I still work all the menus. I was just there today meeting with my directors. There is still a tremendous amount to do to make it happen with the restaurants. It’s my first love and I will go back to it.
What is the best food town in America?
New York. Why? New York has the greatest population in a small area. It’s the most diverse food town but it can be difficult to comprehend it all. There are so many great food towns. Minneapolis is a great food town. Portland, Seattle, San Francisco, Los Angeles. And Phoenix. Denver. San Antonio. Austin. The best thing to say is that it’s a great food country.
“My wife asks where will we be when it all ends and I say, ‘Probably with a little ten-seat restaurant that I open when I want and I’m cooking what I am cooking.’ ”
Season THREE
Season Three opened with a new look—from inside the carriage house in Greenwich Village in Manhattan, where the eleven finalists would live. Not only were they competing for their own show, but the pot was sweetened with another grand prize—a new Mercury Mariner. With each successive season, challenges have been made harder and more complex.

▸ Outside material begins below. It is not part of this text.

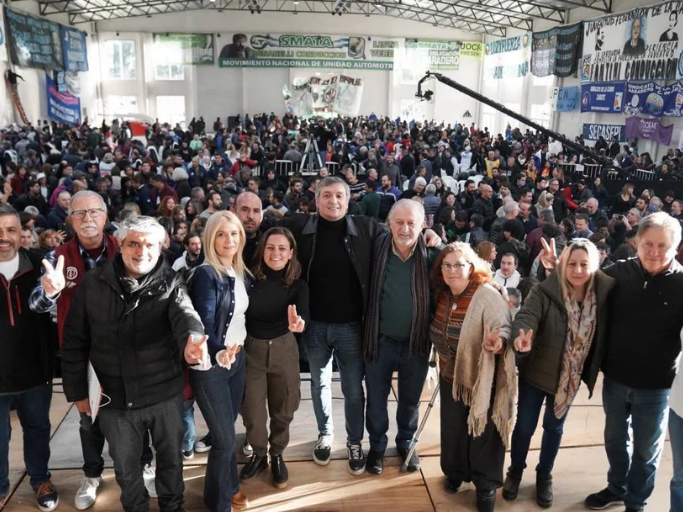 Máximo Kirchner cuestionó a Martín Guzmán por no involucrarse en “las disputas de poder”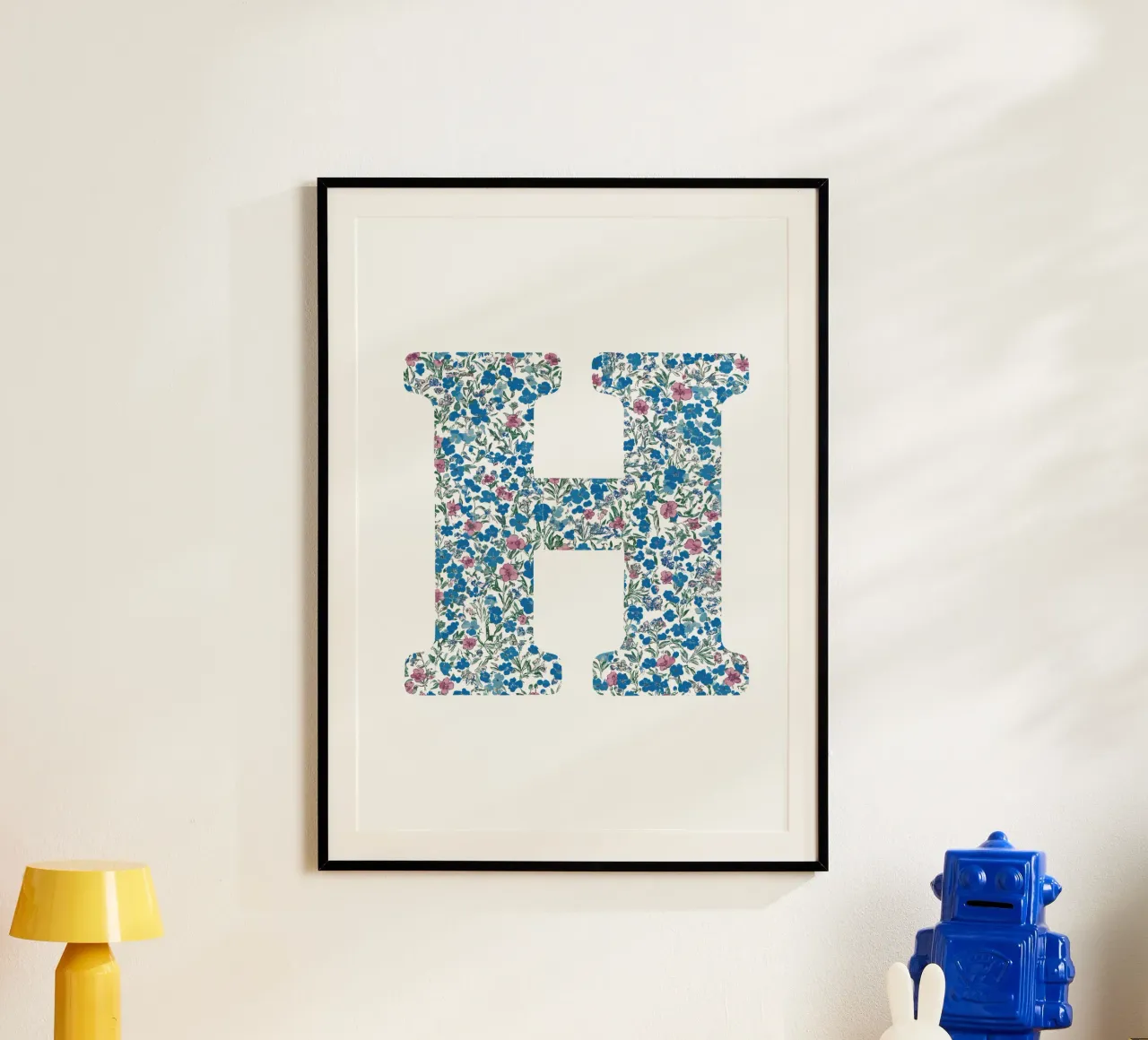 Floral H poster con telaio in alluminio da KidzStudio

Season Three would open with one of the most chaotic and least well-executed elimination challenges of all.
THE FINALISTS
1. Colombe Jacobsen. Colombe received her formal training at the Natural Gourmet Institute in New York and has worked as a yoga and fitness instructor. She was interested in fresh, healthy, local food that’s not complicated—and in hosting her own organic-cooking show.
2. Vivien Cunha. Vivien was born in Brazil but had lived ten years in Los Angeles, where she ran a catering business and taught cooking. Her POV: ethnic food, with a Brazilian twist.
3. Michael Salmon. Salmon (“like the fish”) worked as a food-service manager in two New York establishments, one a restaurant, the other a food market. “I’ve got some of the strongest culinary experience out there,” said Michael.
4. Tommy Grella. Tommy, a financial planner, had no formal culinary training but a great deal of experience at home grilling with friends and family. “I think I can bring a new way of thinking to the Food Network,” said Tommy. “Going over the top and having a great time. . . . ‘Grellacize’—that’s what I’m all about.”
5. Amy Finley. Amy trained in Paris at the École Supérieure de Cuisine Française, and was now a stay-at-home mom. Her food was grounded in what she learned in France, and her early POV—“Bringing Paris into People’s Kitchens”—morphed into “the Gourmet Next Door” over the course of the series.
6. Paul McCullough. Paul described himself as a caterer to celebrities, or people who think they are. He had always wanted to be a star, so a Food Network show would change his life. He turned his “Simply Fabulous Party Food” POV into “Party Food on a Budget.” “I struggled and felt a little lost, so when I finally came up with ‘Party Food on a Budget,’ it was a relief. It should
have been a no-brainer, since catering parties and making budgets work for clients is what I do. I wish I would have had that revelation sooner. It could have helped me focus my demos.”
7. Rory Schepisi. Rory left high school to attend the Culinary Institute of America. In Vega, Texas, she was building a restaurant. “I’m like a scientist in the kitchen, always experimenting and creating new recipes. . . . That’s what makes cooking fun!” said Rory. “I make real food for real people. I’m all about blue-collar cooking—turn your backyard into a bistro,” hence “Backyard Bistro.”
8. Nikki Shaw. Nikki catered weddings, parties, and funerals, all with a hip approach. “I just like to keep it funky and trendy,” said Nikki. “I am a little spicy and a little sweet,” Nikki said of her food.
9. Joshua Adam Garcia (“Jag”). Known as Jag for his initials, the ex-Marine was working as a chef de cuisine. “I got a passion for food that’s unreal,” said Jag. His aim: to “Jag it up” and to be one of the first chefs on television to represent Latino Caribe cooking.
10. Adrien Sharp. Adrien hosted a local TV cooking show. He left a job he’d had for seven years at a uniform-rental service to come to New York to compete because he couldn’t turn down the opportunity. “My wife, Angie, was very supportive and excited, and that’s all that mattered. I’ll never forget her reaction when we received that first call from Food Network. Priceless.” Adrien wanted to show people that comfort food can be healthy.